Gut und gern zwei Dutzend Lieder rauschen dafür durch das überdimensionale Wigwam. Die sattelfesten Anhänger der Gruppe, die wie keine andere den musikalischen Rand abdeckt, kennen das Repertoire aus dem Effeff. Am längsten im Ohr bleiben stets jene beiden kompositorischen Sternstunden, die von den Radiosendern immer gerne gespielt werden: "Radio Orchid" und "Won’t Forget These Days". Diese Markenzeichen werden natürlich auch millionenfach auf Spotify gestreamt.
Einen alten Hut aus den Siebzigern hat die Band aber ebenso auf der Pfanne: "When I’m Dead And Gone". Bei der Eintagsfliege der englischen Folkbarden McGuinness Flint kommt Leben in die Bude. Wingenfelder peppt das Cover auf. Er legt einen stampfenden Rhythmus drunter, der selbst hartgesottenen Heavyrockern eine anerkennende "Pommesgabel" abringen dürfte. Zusammen mit "Time To Wonder" der wohl mitreißendste Moment des Konzerts.
Für die Brüder Wingenfelder, Gitarrist Christof Stein-Schneider, Drummer Rainer Schumann, Keyboarder Gero Drnek sowie Bassmann Christian Decker hat es trotz ihrer Mitsing-Mucke nie in die Top Ten der Single-Charts gereicht. Das scheint den Jüngern piepe, um im norddeutschen Jargon zu bleiben. Sie kaufen fleißig die Longplayer wie "Hope" von 2023 und huldigen so einer Formation, die ihre wahre Stärke auf der Bühne hat, kumpelhaft geblieben ist und kurz vor dem Auftritt einen Bierbank-Plausch mit den Helfern vom Roten Kreuz einlegt.

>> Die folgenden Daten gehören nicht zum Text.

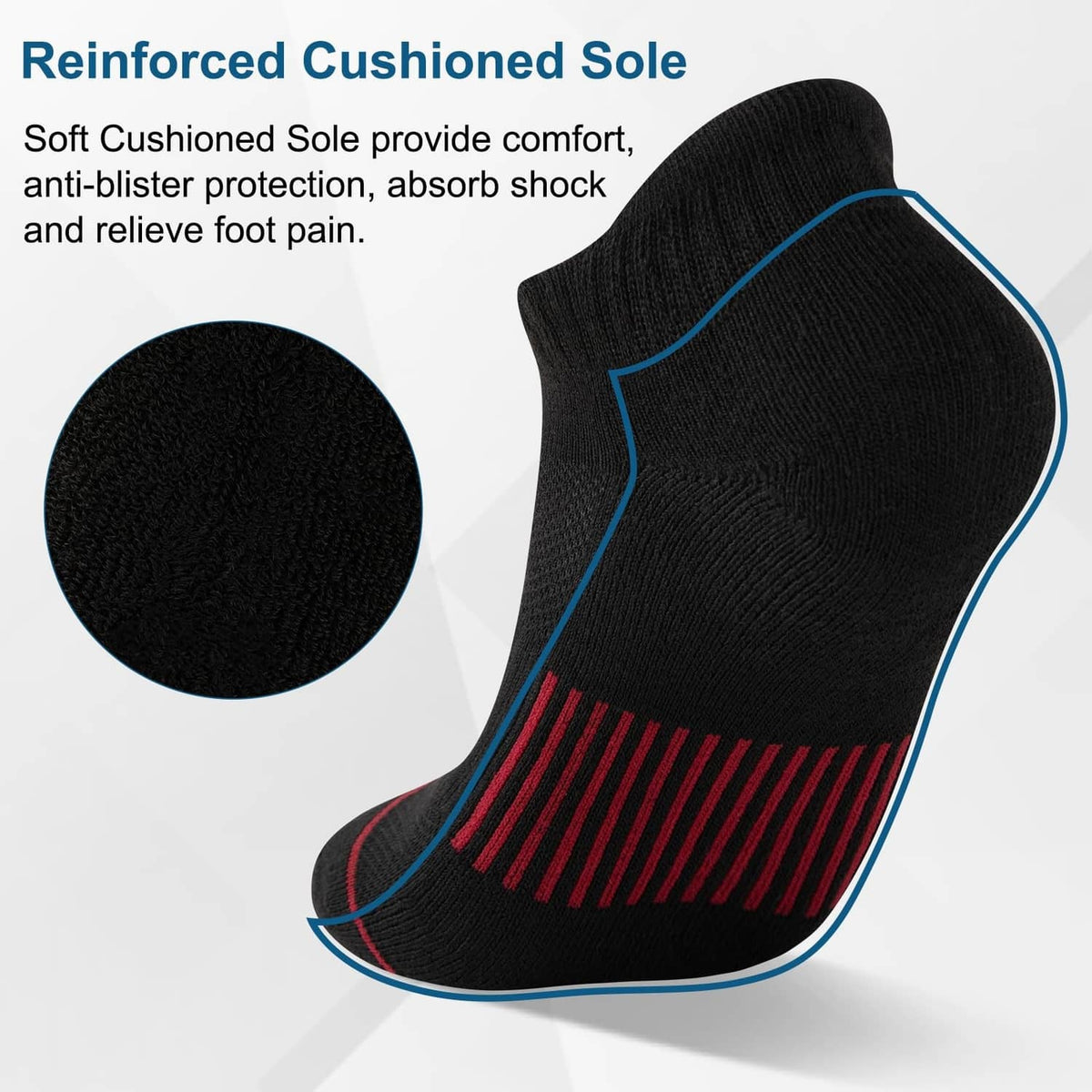Black ankle socks with reinforced cushioned sole and red striped pattern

Jau, erzählen tun sie wirklich gern die Flachlandtiroler. Lockere Sprüche zwischen den Titel, sogar über das runde Leder: "Mannheim hat ja auch einen Fußballverein – gibt’s den eigentlich noch? Das kennen wir in Hannover", frotzelt der Boss. Spätestens in diesem Moment ist klar: Diese Typen muss man einfach mögen – selbst wenn man ihre Musik nur als Fußnote der Popgeschichte einordnet.